At one level this is the systemic failure of a system and at another level it is theft by the few from the many.

US author David Rothkopf, a former member of the Clinton administration, last March published his controversial book Superclass - The Global Power Elite and the World They Are Making. The book argues that the world's six billion people are governed by an elite superclass of 6,000 individuals. This superclass, he argued, has helped create complex financial instruments that replaced currency as the primary repositories of "value". These are not issued by governments, most are not regulated, and the risks associated with them are hidden. Research among big US institutional investors reveals that over 80 per cent of staff felt their boards did not understand the risks inherent in the portfolios they were responsible for.
The argument that corporate bonds and share certificates had replaced currency as the repositories of value made for interesting debate last March. Today, just eight months later, events have rubbished it. Currencies, particularly the US dollar and the euro, and government bonds in those currencies are where liquid wealth now finds refuge. Banks refuse to lend to other banks, but are relieved to lend to governments and central banks even when the return on such loans is close to, or below, zero.

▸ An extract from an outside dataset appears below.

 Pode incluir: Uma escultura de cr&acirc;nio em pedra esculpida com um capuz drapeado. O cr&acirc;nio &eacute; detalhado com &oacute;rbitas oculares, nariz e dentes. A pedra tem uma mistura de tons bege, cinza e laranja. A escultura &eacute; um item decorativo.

Once civilisation moved from barter to currency, monies tended to blend inherent wealth with symbolic guarantees. Babylonian and Egyptian coins were struck in precious metals. The coin was literally worth its weight in gold - a value confirmed by the monarch appearing on the coin.

In the next incarnation, money became a token backed by gold. The coins and notes could, theoretically, be redeemed for their equivalent in gold. This gold standard was amended at the end of the second World War to a system where currencies were convertible into US dollars, while the dollar remained convertible into gold.

The late president Nixon, under pressure to finance the Vietnam war, ended this dollar convertibility in 1971, ushering in floating exchange rates based on perceptions of a country's economic performance and stability. This confidence-based system of value was, briefly, challenged by stock market instruments, but that challenge is now buried in the rubble of Wall Street. State issued currencies, bonds and guarantees are now the only acceptable repository of value. And what stands behind those notes? We, the people. You and me. Now there's a sobering and decidedly non-capitalist thought.

(Tony Kinsella Irish Times today)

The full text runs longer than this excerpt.